I would love :luv to see photos of her transformation from a rescue-cat to a well-loved kitty-pet.
Welcome to CF!
heidi =^..^=


----------



## chriss (Jul 28, 2009)

Here's another pic I took of Nubby's markings.


----------



## marie73 (Jul 12, 2006)

:luv


----------



## katlover13 (Apr 15, 2008)

She is beautiful. I hope she starts feeling better real soon.


----------



## Heidi n Q (Nov 22, 2006)

*Gasp!* I mean it! I actually _gasped_ when I saw her gorgeous markings! She looks like she has an amazingly beautiful ginger-y streak of fur along her topline and between her tabby markings. Beautiful. Absolutely beautiful.
I'm smitten with your 'kitten'! :luv


----------



## chriss (Jul 28, 2009)

Thanks guys. She definitely is a beautiful cat. I'm taking her to the vet tomorrow to hopefully get everything straightened out.


----------



## melysion (Mar 12, 2007)

Welcome to Cat forum

Your cat is loooooovely. 

Yep, definitely get that eye seen to. I'm sure you have seen what has happened to my Tobe as you have been 'lurking' around. 
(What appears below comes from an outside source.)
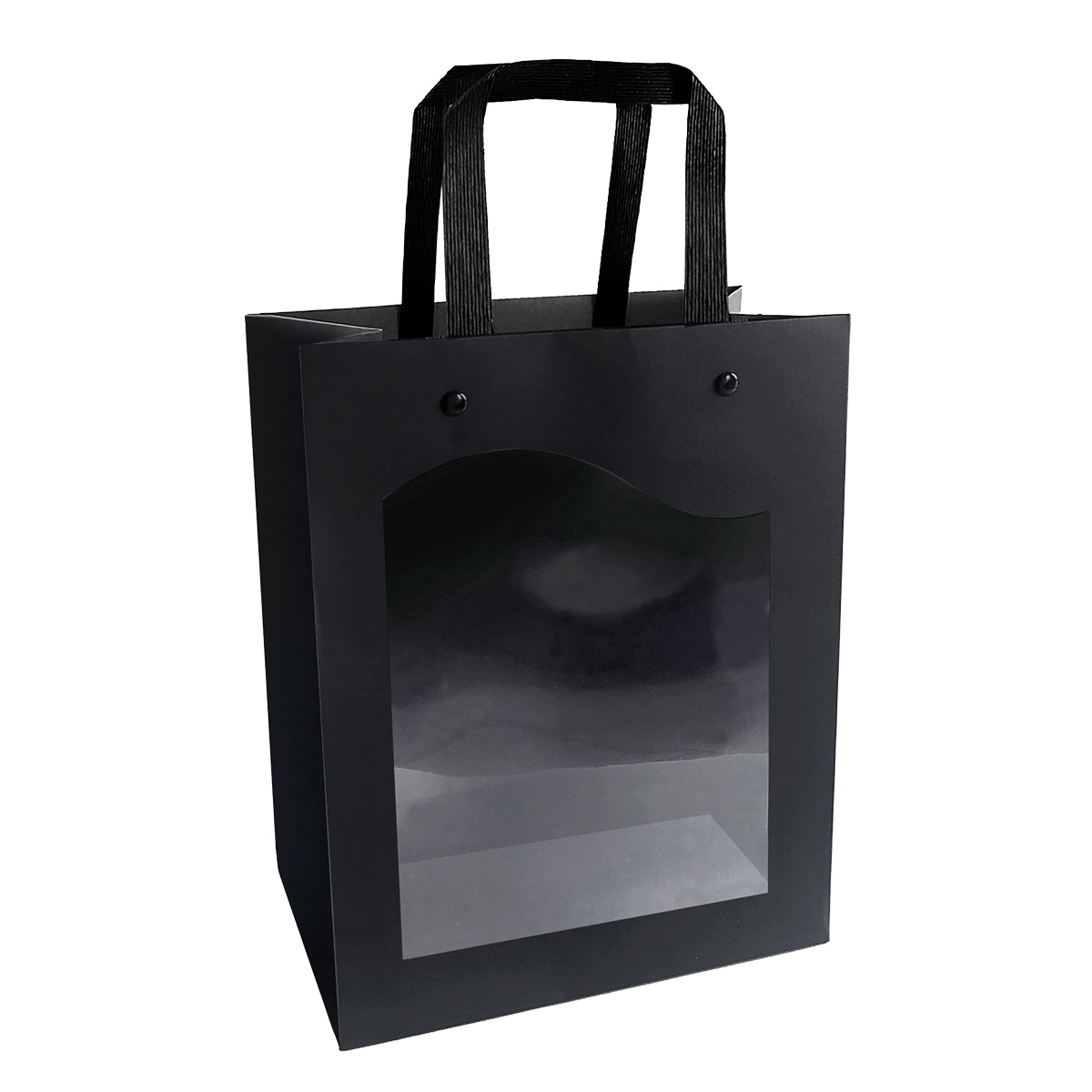 Sac kraft à fenêtre Delicatessen noir 18+8 x H 23 cm poignées plates – Paquet de 10 - Sacs kraft à fenêtre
I hope she gets better soon!


----------



## DesnBaby (Apr 18, 2004)

Gorgeous girl!


----------



## OctoberinMaine (Sep 12, 2006)

Wow, she is striking! Her coloring is really interesting and unusual.

Have you gone to the vet yet? Just wondered what they said.

"Nub," would that be like "Love," like Eddie Murphy singing "Unce, tice, fee times a mady"?


----------